(Records from a collection)

----

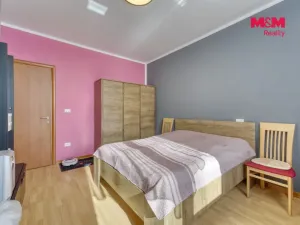 Prodej bytu 2+kk, Janovice nad Úhlavou, Rozvojová zóna, 50 m2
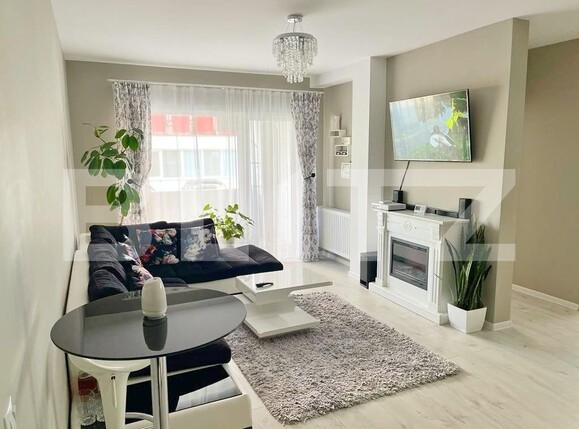 Apartament de vânzare 3 camere Calea Cisnadiei - Arhitectilor - 117713AV | BLITZ Sibiu | Poza2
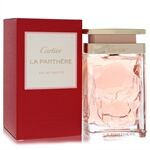 Cartier La Panthere by Cartier - Eau De Toilette Spray 100 ml - voor vrouwen
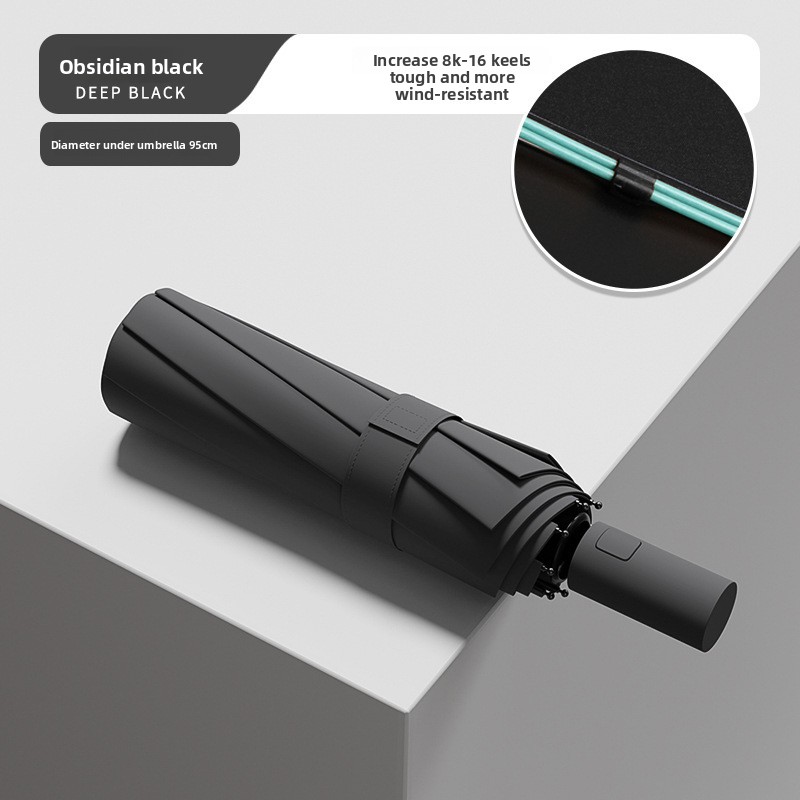 Ombrello Automatico di Grandi  - Golf Umbrella Large recensione e prezzo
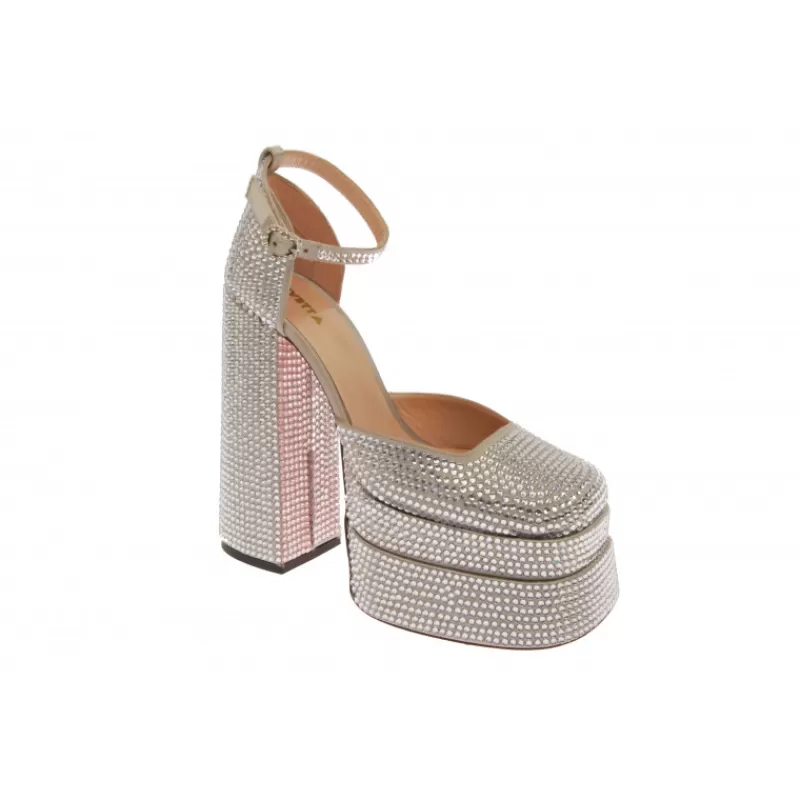 Crystals Platform Mary Jane-Vivetta Hot
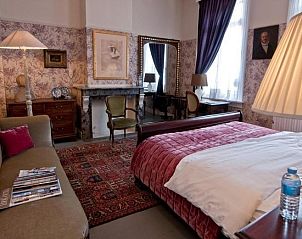 Verblijf 0104100 - Bed and breakfast Antwerpen - B&B The Baron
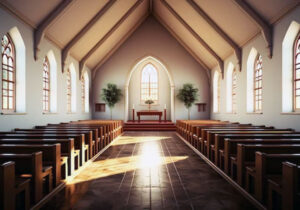 program masyarakat gereja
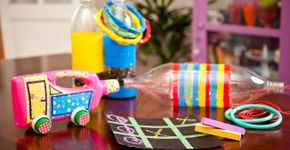 Confecção de Brinquedos Tradicionais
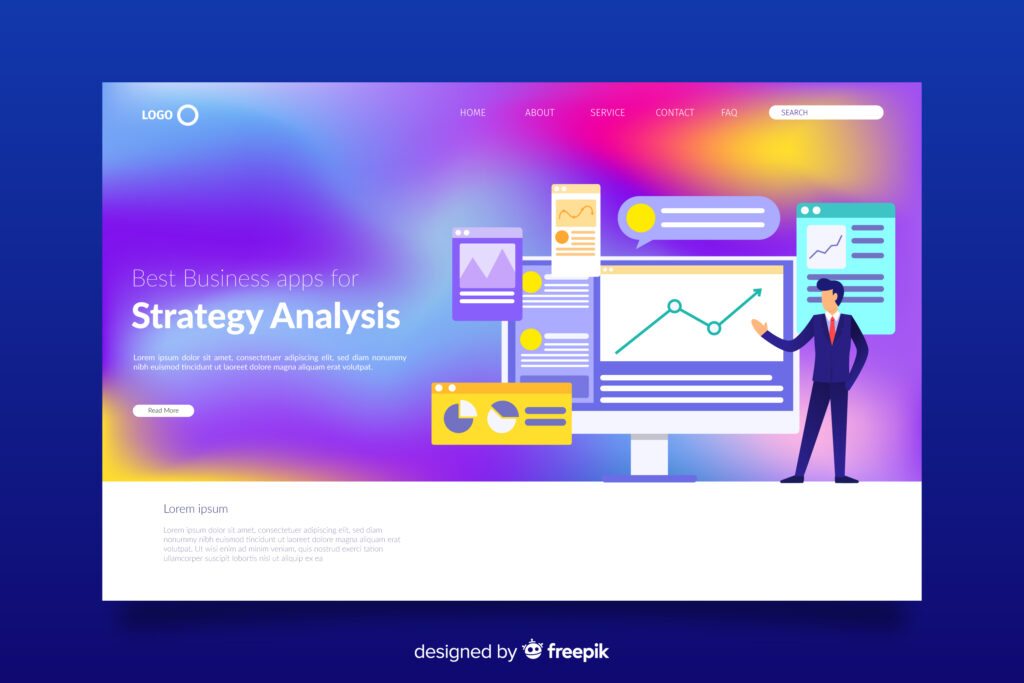 Estratégias modernas de CRO para landing pages de alta performance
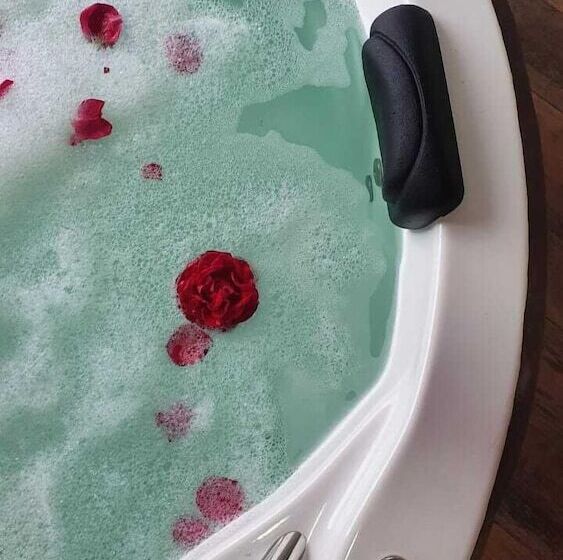 酒店 Cachoeira Dos Luis Parque E Pousada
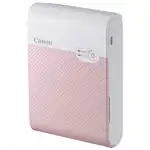 Мобильный принтер Canon SELPHY SQUARE QX10 Pink 4109C009AA (Цветной, Интерфейс USB)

----

Working from the line with "Estratégias modernas de" down through the last line of the records, give every line again exactly, but no pictures.

**WRITTEN REPLY**:
 Estratégias modernas de CRO para landing pages de alta performance
 酒店 Cachoeira Dos Luis Parque E Pousada
 Мобильный принтер Canon SELPHY SQUARE QX10 Pink 4109C009AA (Цветной, Интерфейс USB)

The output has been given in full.